Мало того, что важный пленник уплыл из рук, вскоре Потемкин получил от своего соперника выговор за то, что осмелился о поимке «злодея... доносить ея Величеству прямо и мимо того, кому главное начальство по высочайшей Ея воле препоручено...»11. Потемкин не преминул пожаловаться императрице. Для снятия допросов пришлось ему ехать в Симбирск. Очевидец П.С. Рунич в своих «Записках» так описывает встречу трех известных истории личностей: «Нашел я у графа в кабинете одного только генерал-майора Павла Сергеевича Потемкина, приехавшего накануне из Казани. Спустя минут пять вошел в оный генерал-поручик Александр Васильевич Суворов, которого граф встретил с восторгом и приветствовал его с величайшими похвалами за все его подвиги и действия относительно поимки Пугачева. За это генерал-поручик Суворов чуть-чуть не с поземельными поклонами благодарил графа. Но генерал-майор Потемкин с особой скромностью слушал сии похвалы, а при том смотрел на поклоны генерал-поручика Суворова с неким недоумением и тайною улыбкою».
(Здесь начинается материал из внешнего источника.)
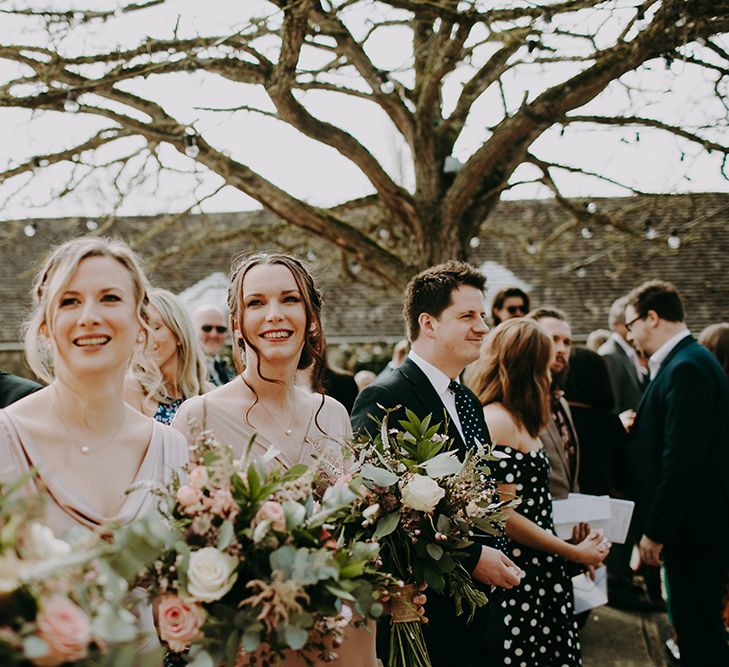 Bridesmaids in Pink Ghost Dresses Holding Romantic Bouquets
«...Всего горше, — жаловался 2 октября Потемкин, — всемилостивейшая государыня, что при самом первом свидании господина генерал-поручика Суворова и моего, его сиятельство удостоил пред целым народом изъяснить благодарность господину Суворову, священным именем вашего величества и всей империи яко Суворов поймал злодея Пугачева, с такою холодностию ко мне изъявляемая, что не трудно было видеть в нем внутренную ко мне досаду. Может быть сие происходит от того, что не скрыл я от его сиятельства каким образом в самом деле злодей был пойман, а господин Суворов не устыдился при всех зрителях целовать шесть раз в руки и в полы одобрителя...»12.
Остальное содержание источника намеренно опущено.